View Single Post
 
Old 03-08-2018, 01:14 PM
LouCoatney's Avatar
LouCoatney LouCoatney is offline
Member
 
Join Date: Jul 2010
Location: Flateby, Norway
Posts: 310
Total Downloaded: 56.40 MB
USS Sims class destroyers by Lou Coaney

As some here know, I'm both a military/naval history boardgame player and ergo (for miniatures games) a cardstock model ship builder ... and designer.

In the 1970s, German military miniature manufacturer Wiking did some plastic 1:1250 model ships, as well as their usual metal/lead ones, and plastics are MUCH easier to carry or ship, since being so light they don't weigh so much and so easily break their bonds to get loose and destroy each other.

I have just scored BIG on eBay and gotten a slew of Wiking plastic battleships and cruisers, some Americans, Italians, and British, as well as German.

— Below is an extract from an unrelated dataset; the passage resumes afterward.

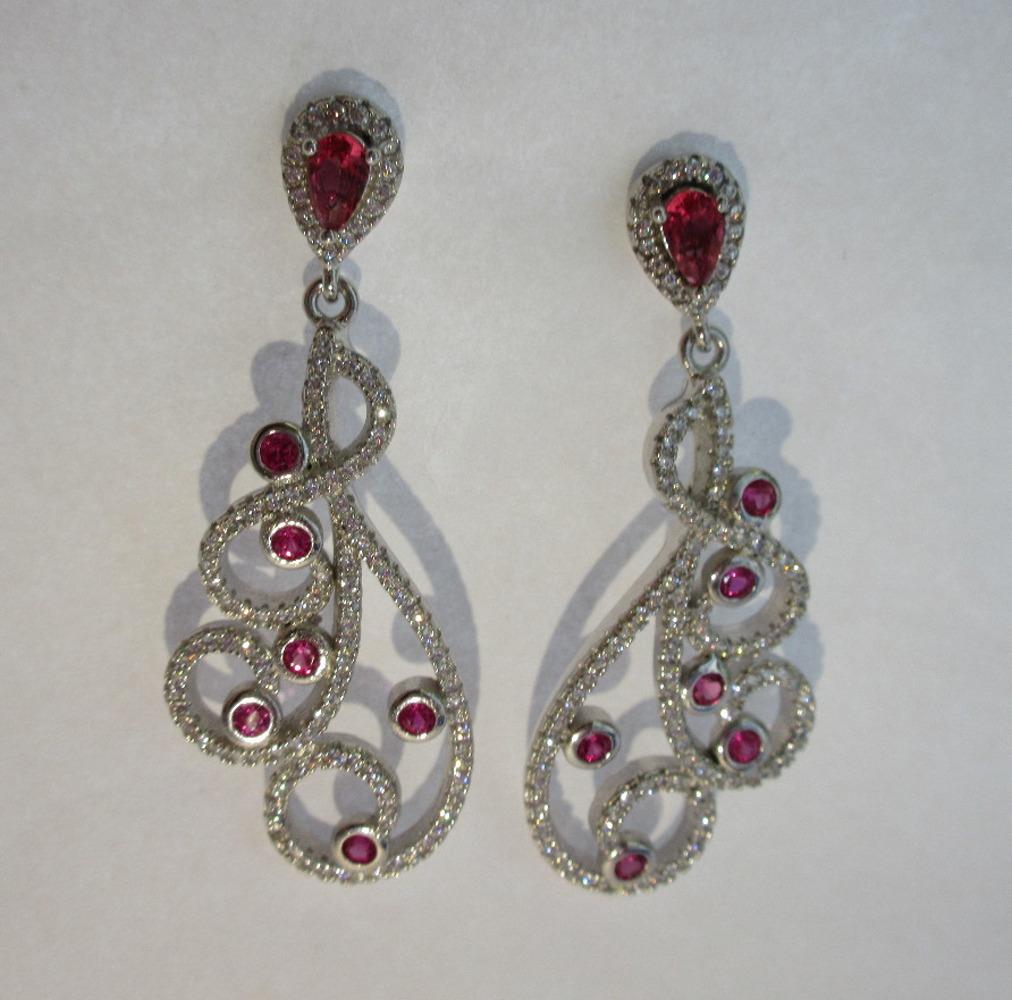 Beautiful Ruby and White Topaz sterling silver earrings: Beautiful Ruby and White Topaz sterling silver earrings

I already have plenty of the Wiking prreWW2 Galster class destroyers, but Wiking's Italian Navigatori class destroyers are virtually museum pieces and WAY beyond anyone's price limit.

And the price of 3-D-printed 1:1200-1250 destroyers is too high too.

So I have again tried to fill the void, first with the American Sims class destroyers. Someone remarked under the thread about the F3F Wildcat being built, that CV-2 Lexington has just been found at the bottom of the Coral Sea. (I have Lexington and Yorktown paired together on a unit in my free print-and-play boardgame Pacific War Naval Chess Game.)

Anyway, here are 8 of the *un-test-built* Sims at 1:1200 (letter paper sheet size) or 1:1250 (A4/international size). (I've already done the ModelCAD testbuild at 1:700, and it was perfect. I'm working on the .png/.jpg now.)

They *can* be built, if your eyes are as good as mine are at 71.